My own Maynooth talk had loads of pseudo-scholarship cited; I have always had sympathy for misguided autodidacts like British Israelites I confess. So, I glanced in what soon turned to disdain rather than delight in what I will not name by author, titled "The Lost Magic of Christianity: the Celtic Essene Tradition." Even by New Age teashop standards, disappointing. To my dismay, the expert on cults bought it, I had a feeling not for novelty's sake, and a colleague who studied circles from an anthropological perspective sprung, despite her skepticism, for said self-published scholar's (the book jacket noted he was of Anglo-Irish gentry descent so his inevitable coming to live on an island off his family's former colony's coast was foreshadowed I suppose) companion volume full of spirals and circles galore.

Maybe I was to blame or credit for those two purchases by curious scholars. I'd told them on the bus, after that expert's query, that although Tara's naming as bodhisattva of compassion and Meath's omphalos seemed fortuitious, my own forays into many scholars, degreed and self-taught, failed to show more than happy coincidence, unless "teamhair" as "eminence" and "sTAR" and Hindu status for the goddess beloved by Aryans and Tibetans could make a very attenuated Indo-European match made in heaven. I wish I could have proven this. Surely the teashop benefits from such imagined conjectures by many who visit Tara during equinoxes, solstices, and cross-calendrical times the eight seasons of the neo-pagan commemorations.

I scanned the trinkets but was depressed by the Cadburys, Chinese-made trash, and soulless Green Man zodiacal "crafts" that lacked any "mana," any spirit, any genuine pagan spark. The clerks did a boom business, even in the damp, for where else were the few visitors an All Saint's morning going to go until-- and if-- the sky cleared?
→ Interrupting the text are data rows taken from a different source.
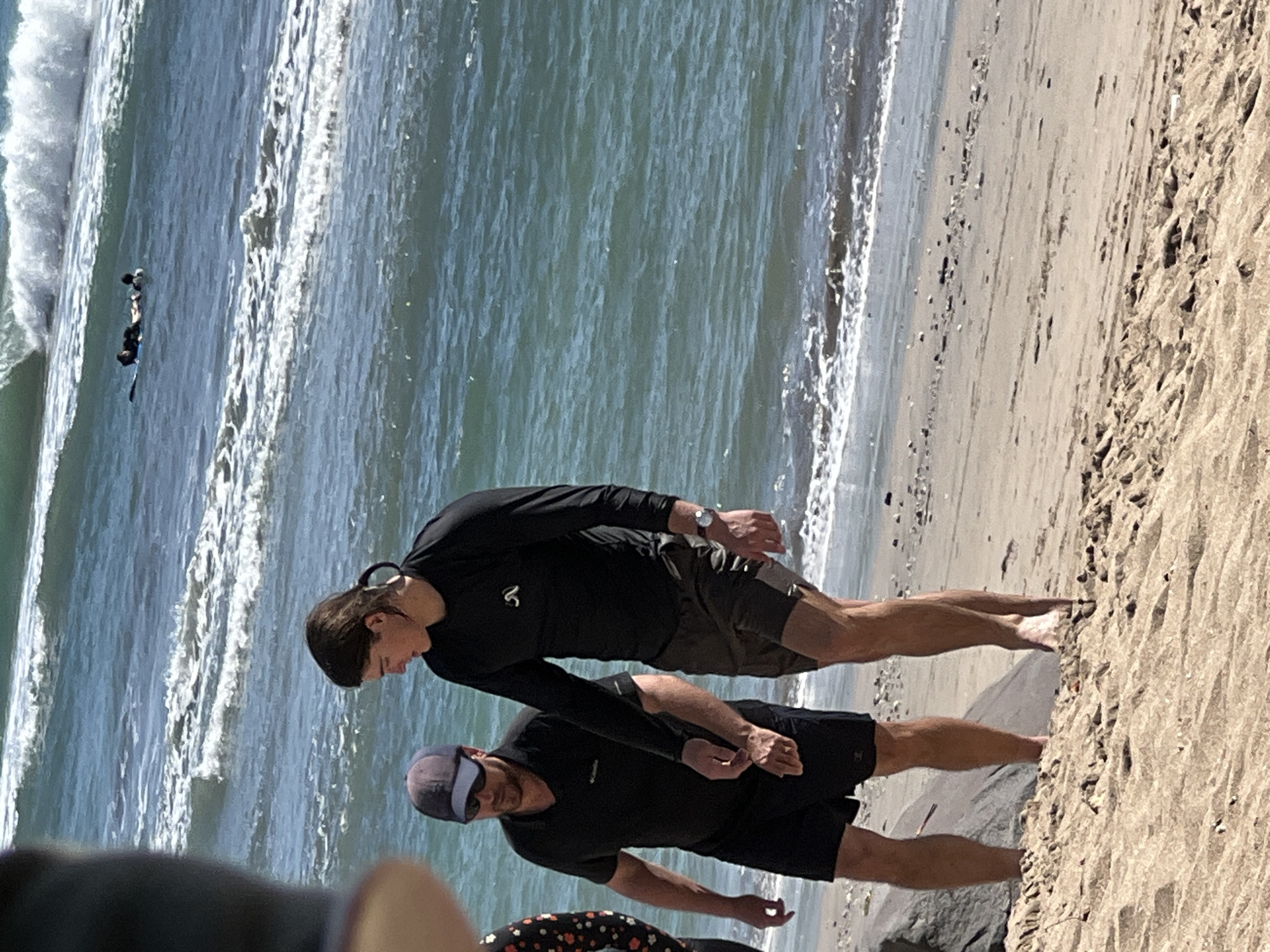 Two men are walking on a sandy beach. The man on the left is wearing a black polo shirt and black shorts, with a dark blue baseball cap and sunglasses. The man on the right is wearing a long-sleeved black shirt and dark shorts. He has dark hair pulled back into a ponytail and is wearing a watch on his left wrist. In the background, the ocean has waves, and two people are on surfboards in the water. The location is identified as Kuta, Indonesia.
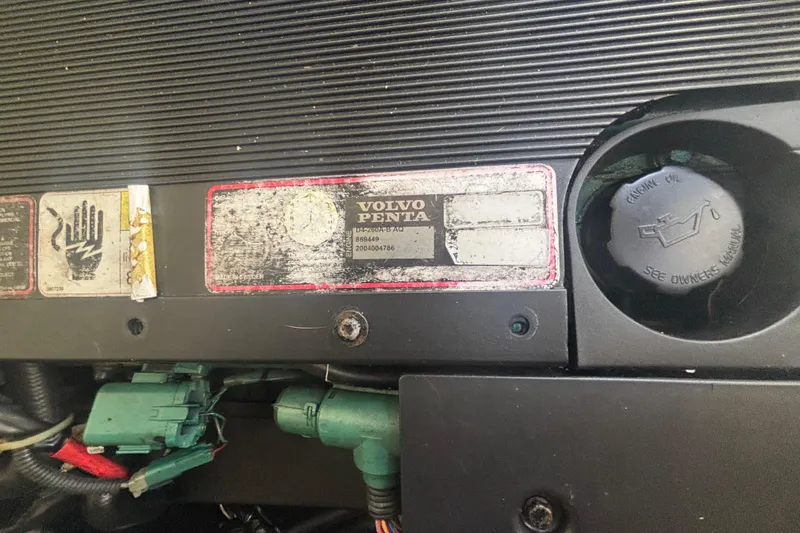 Slide: The Image of Volvo Penta engine label on 2006 Formula 34 Performance Cruiser, caution and specifications visible. - 55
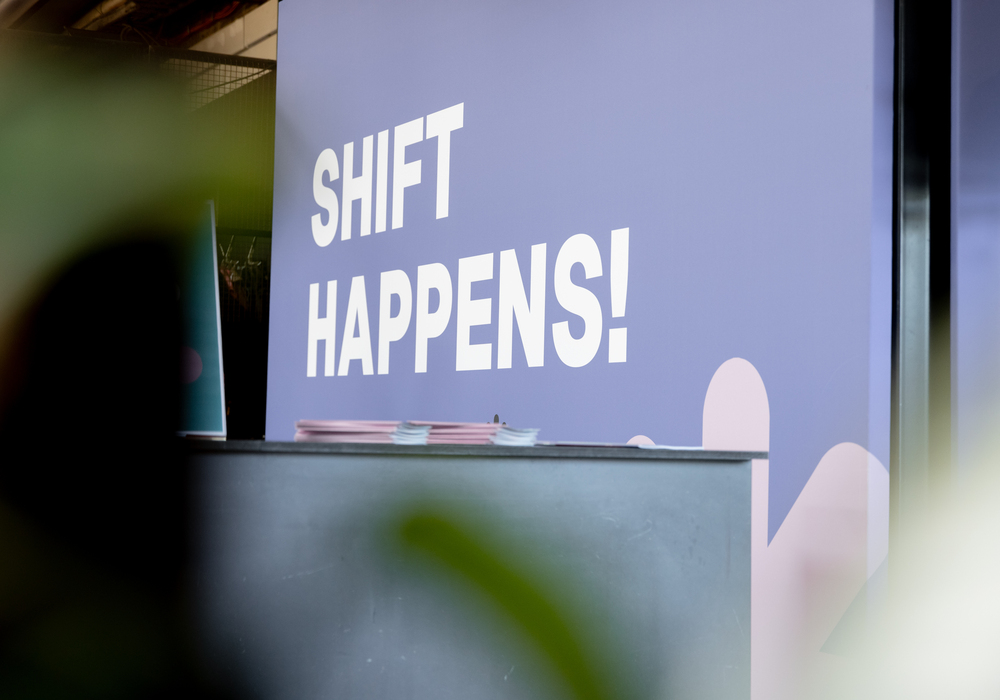 Das Bild zeigt ein großes, lilafarbenes Schild mit der Aufschrift "SHIFT HAPPENS!" in weißen Buchstaben. Das Schild befindet sich in einem Innenraum mit einem unscharfen Hintergrund, der eine Pflanze und eine Theke enthält. Das Schild scheint Teil einer größeren Ausstellung oder Installation zu sein, möglicherweise im Zusammenhang mit einem Geschäft oder einer Veranstaltung. Das Bild enthält keinen identifizierbaren Text oder identifizierbare Objekte, und die Gesamtkomposition legt nahe, dass der Schwerpunkt auf der auffälligen Botschaft auf dem Schild liegt.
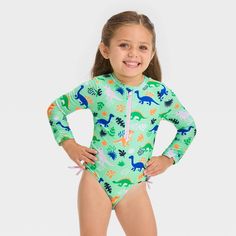 Keep your toddler's skin shielded from the sun's rays while they enjoy at the beach or pool with the Long-Sleeve One-Piece Swimsuit from Cat & Jack™. This long-sleeve swimsuit features a printed pattern to spruce up the look. The rashguard swimsuit is made with soft and stretchy fabric with full lining to offer the right comfort and flexibility for swimming, playing in the sand and more. It comes with front half-length zipper for easy dressing, and the snap tab helps protect their chin from scra Playful Stretch Swimwear With Uv Protection, Playful Blue Rash Guard For Pool, Long Sleeve Swimwear With Upf 50+ For Play, Playful Long Sleeve Onesie For Summer, Playful Summer Rash Guard With Upf 50+, Blue Rash Guard For Beach Season Playwear, Playful Long Sleeve Summer Onesie, Green Bodysuit For Surfing In Beach Season, Green Bodysuit For Surfing During Beach Season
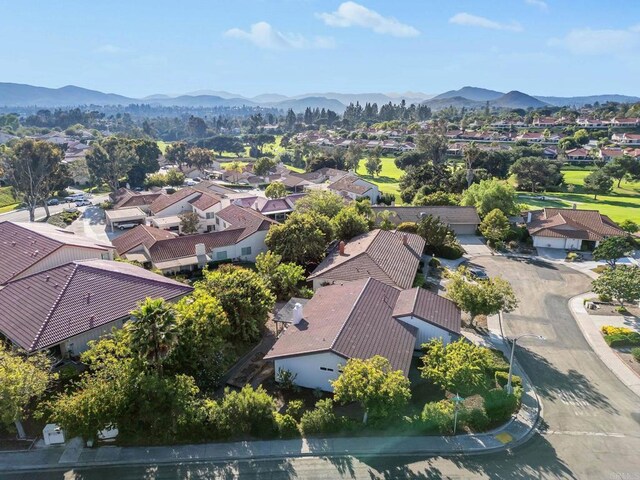 bird's eye view with a mountain view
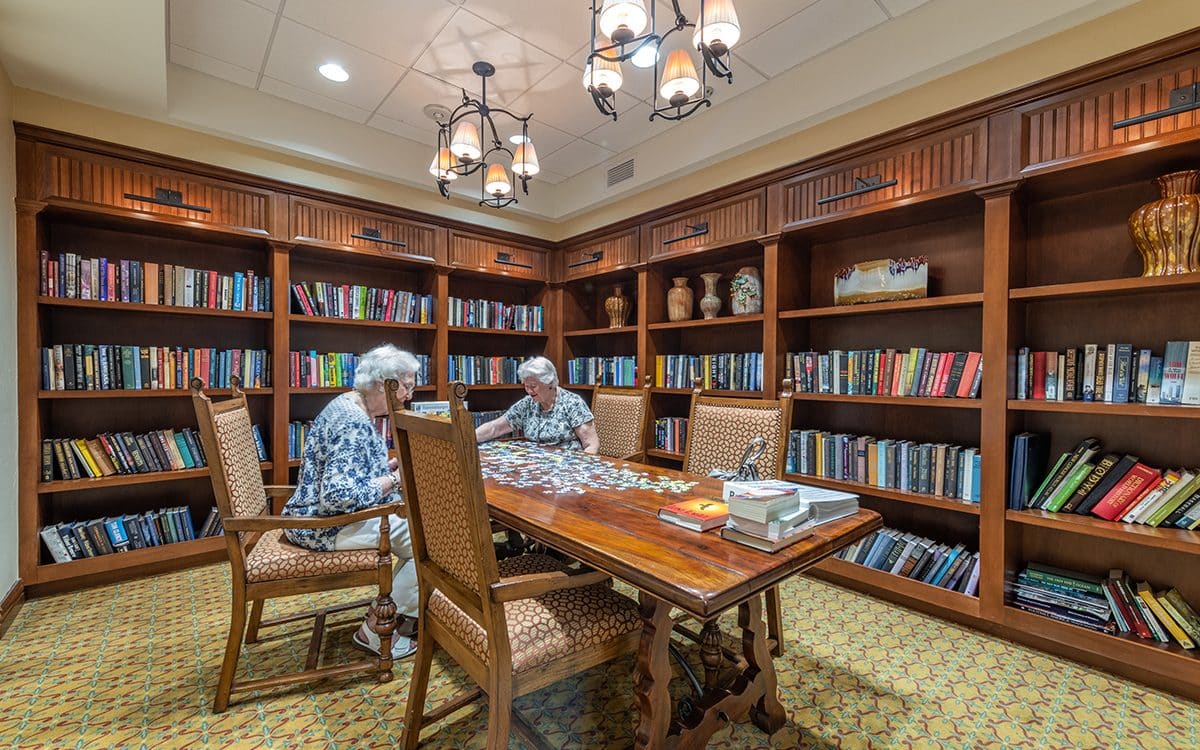 Two people sitting at a table in a library.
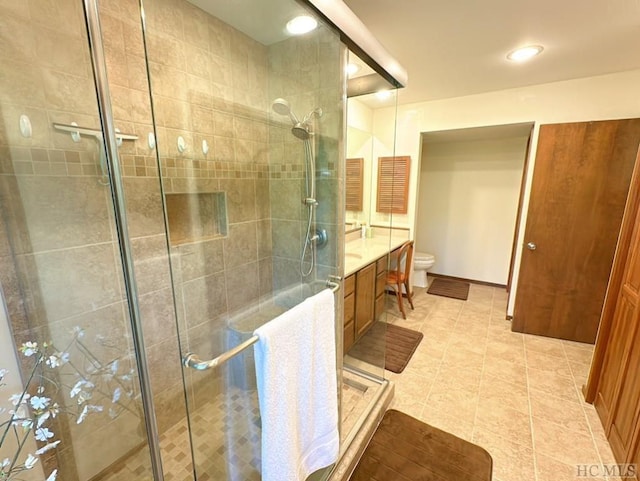 bathroom featuring walk in shower, tile patterned floors, vanity, and toilet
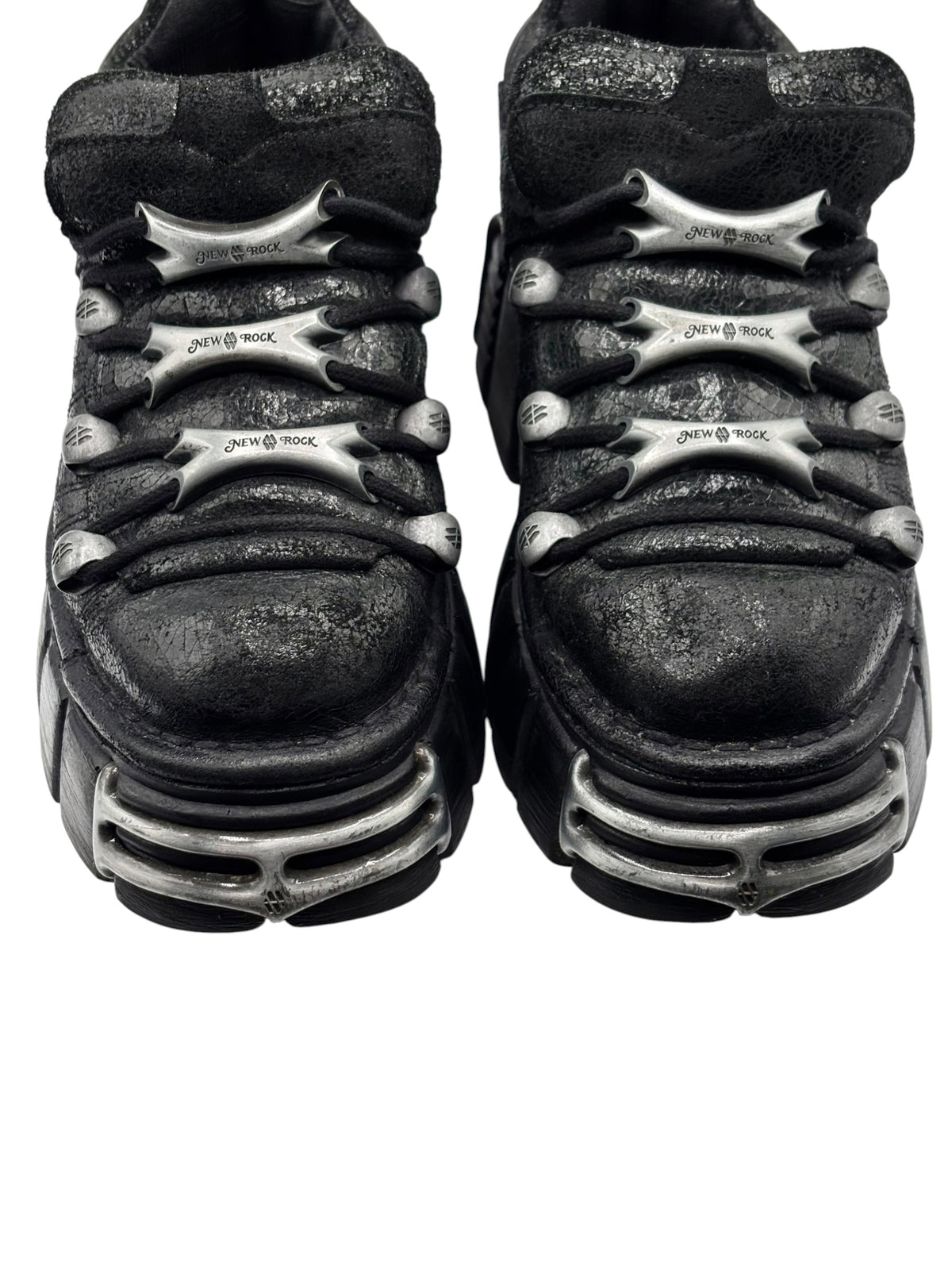 Black platform boots top view with lace-up closure and silver “New Rock” accents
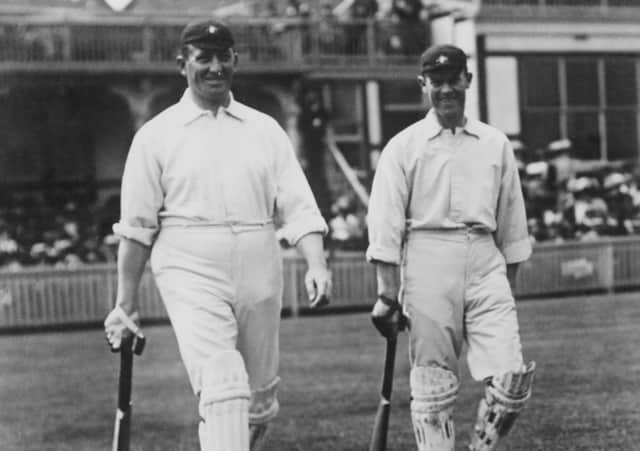 Striding out: Australian cricketers Warwick Armstrong (1879 - 1947), left, and Victor Trumper (1877 - 1915) going out to bat in the First Test against England at Birmingham, 27th  May 1909. (Photo by Topical Press Agency/Hulton Archive/Getty Images)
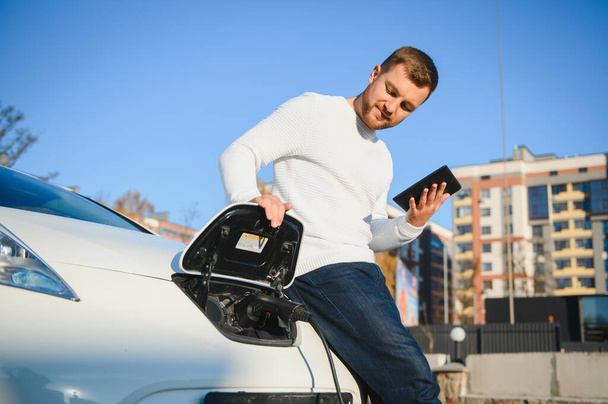 young handsome man holding charging cable at electric charging station point standing near his new car. - Valokuva, kuva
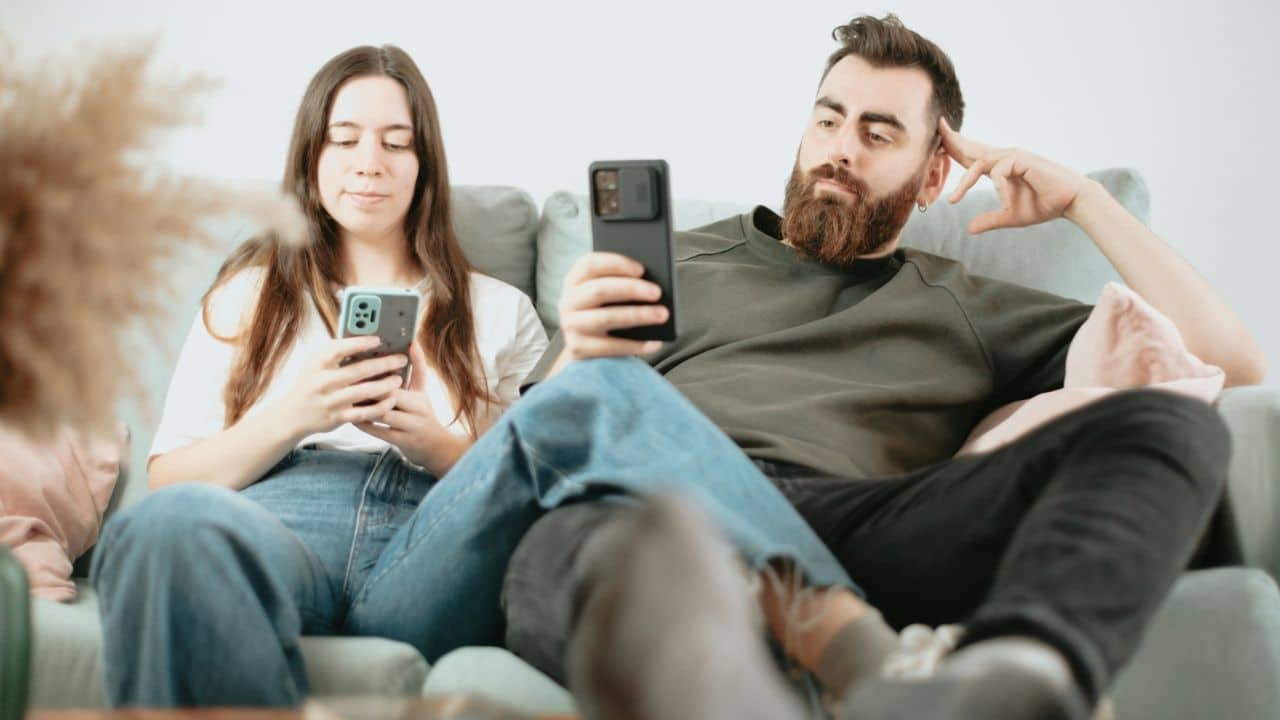 A man and woman sit together on a sofa while both look down at their smartphones.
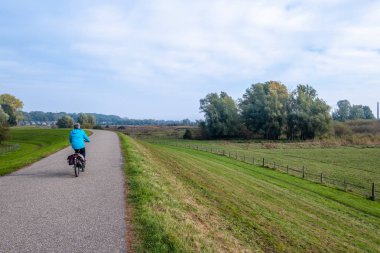 Kadın lezbiyen taşkın ovaları, Wageningen, Hollanda Nederrijn Nehri boyunca bir bisiklet üzerinde. Ren içinde yüksek su ile bu dike kadar sudur.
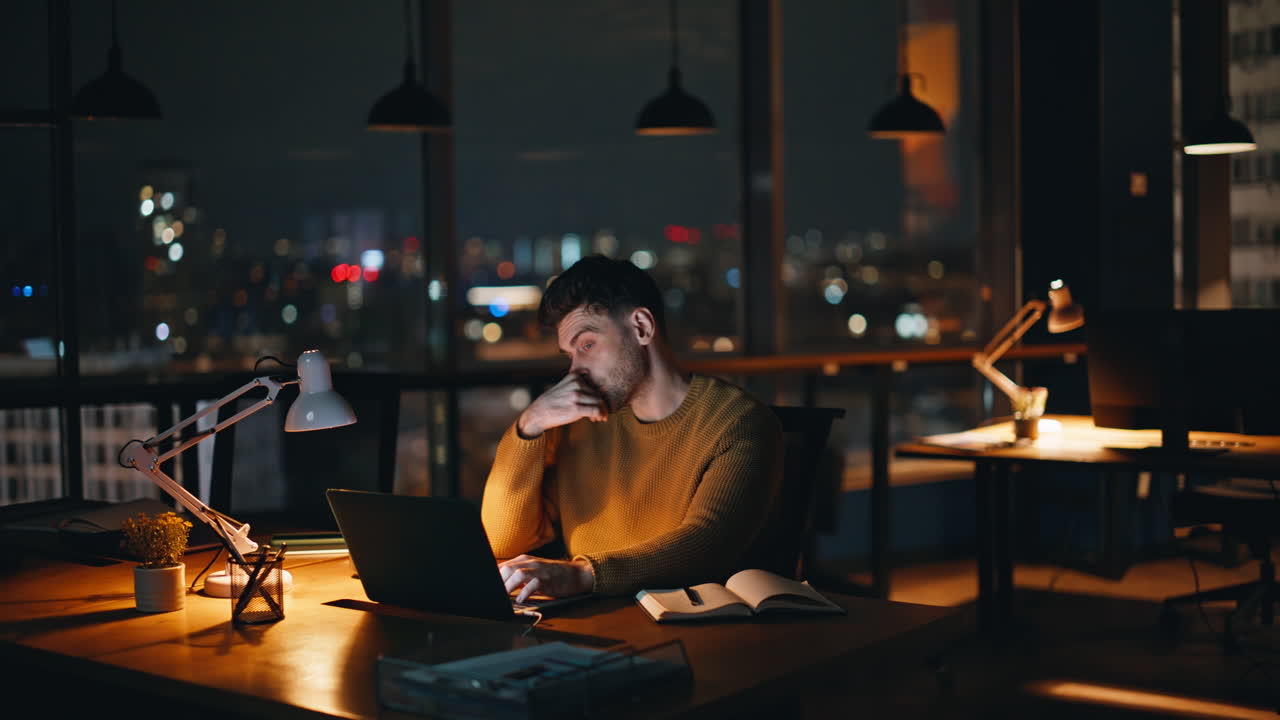 Uomo che lavora al portatile in ufficio di notte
I figured my change should go to a better cause on Tara. I've always left coins in the Guide Dogs for the Blind figurines on my British and Irish travels; I did then. I'm a soft spot for totemic appeals to charity. If beggars dressed up in animal costumes, I'd probably donate more to their pet causes.

Once outside, I did see a rainbow to the south-east. One of six I'd see that day, easily a record for me from "the land of little rain." It occured to me for the first time that such apparitions might appear always at a certain angle to the sun. But I lacked the astronomical expertise that Murphy & Moore documented among our forebears here along the Boyne. I contented myself by showing the rainbow to Alannah on the bus, where some had retreated for shelter before we faced the pagan forces who kept so many from easily enjoying Tara that morning.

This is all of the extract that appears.